Ein Seminar, ein Filmabend, ein Workshop wird antisemitische Hetze im Internet weder mindern noch verhindern, denn so wird nur immer wieder dasselbe Publikum angesprochen. haGalil onLine erhält jeden Monat zahlreiche Anfragen von Schülern, Lehrern und Studenten, die haGalil als einziges Medium der Vermittlung zu jüdischer Kultur und Religion wahrnehmen und kontaktieren können. Wir gingen davon aus, dass man im Ministerium die Bedeutung der Breitenwirksamkeit des Bildungsangebotes in haGalil begriffen und bewusst unterstützt hat. Nazistische Hetzpropaganda wird über das Internet in die ganze Welt verbreitet. Genauso sollten auch Aufklärung, Verständigung und Wahrheit verbreitet werden.

Es ist uns unverständlich, dass diese Grundsätze, in die über mehrere Jahre Bundesmittel geflossen sind, nun offenbar bedeutungslos geworden sind!

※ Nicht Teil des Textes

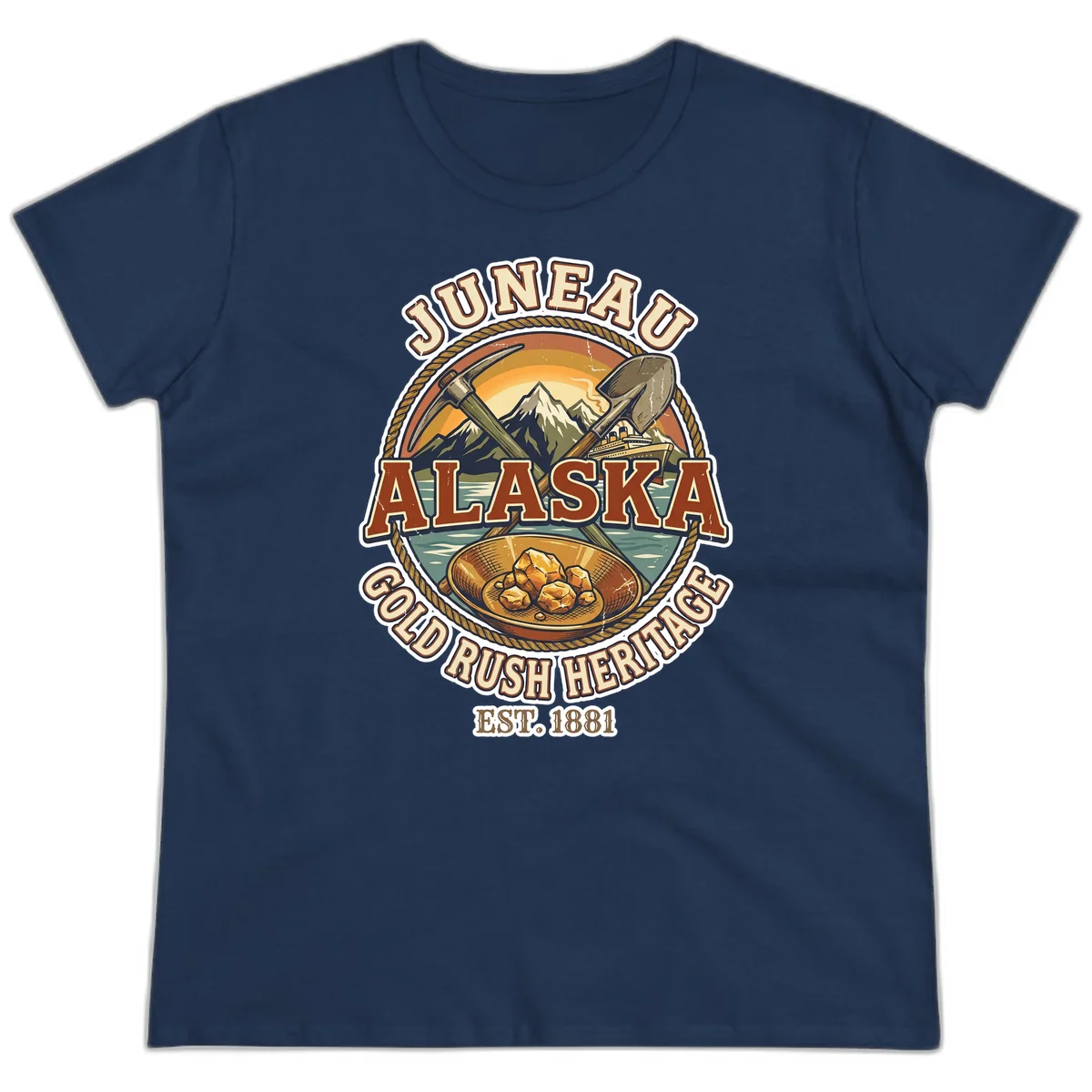 Juneau Alaska Gold Rush Heritage Ladies Tee in Navy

Sehr geehrter Herr Staatssekretär,
uns ist es auch weiterhin ein dringendes Anliegen, die redaktionelle und technische Arbeit von hagalil online mit dem bisherigen Engagement weiter auszubauen und zu sichern und damit das Projekt haOR zum Erfolg zu führen.
Erst gestern sprach ein Vertreter der IKG München davon, dass wir damit rechnen müssen, dass bald ganze Dämme brechen werden. Mit dem Einzug der NPD in den Bundestag ist zu rechnen. haGalil onLine wird auch in Zukunft auf Risse in den Dämmen hinweisen, dort wo es uns möglich ist werden wir den Schutzwall weiter aus- und aufbauen und selbstverständlich Präsenz und Ansprechbarkeit signalisieren.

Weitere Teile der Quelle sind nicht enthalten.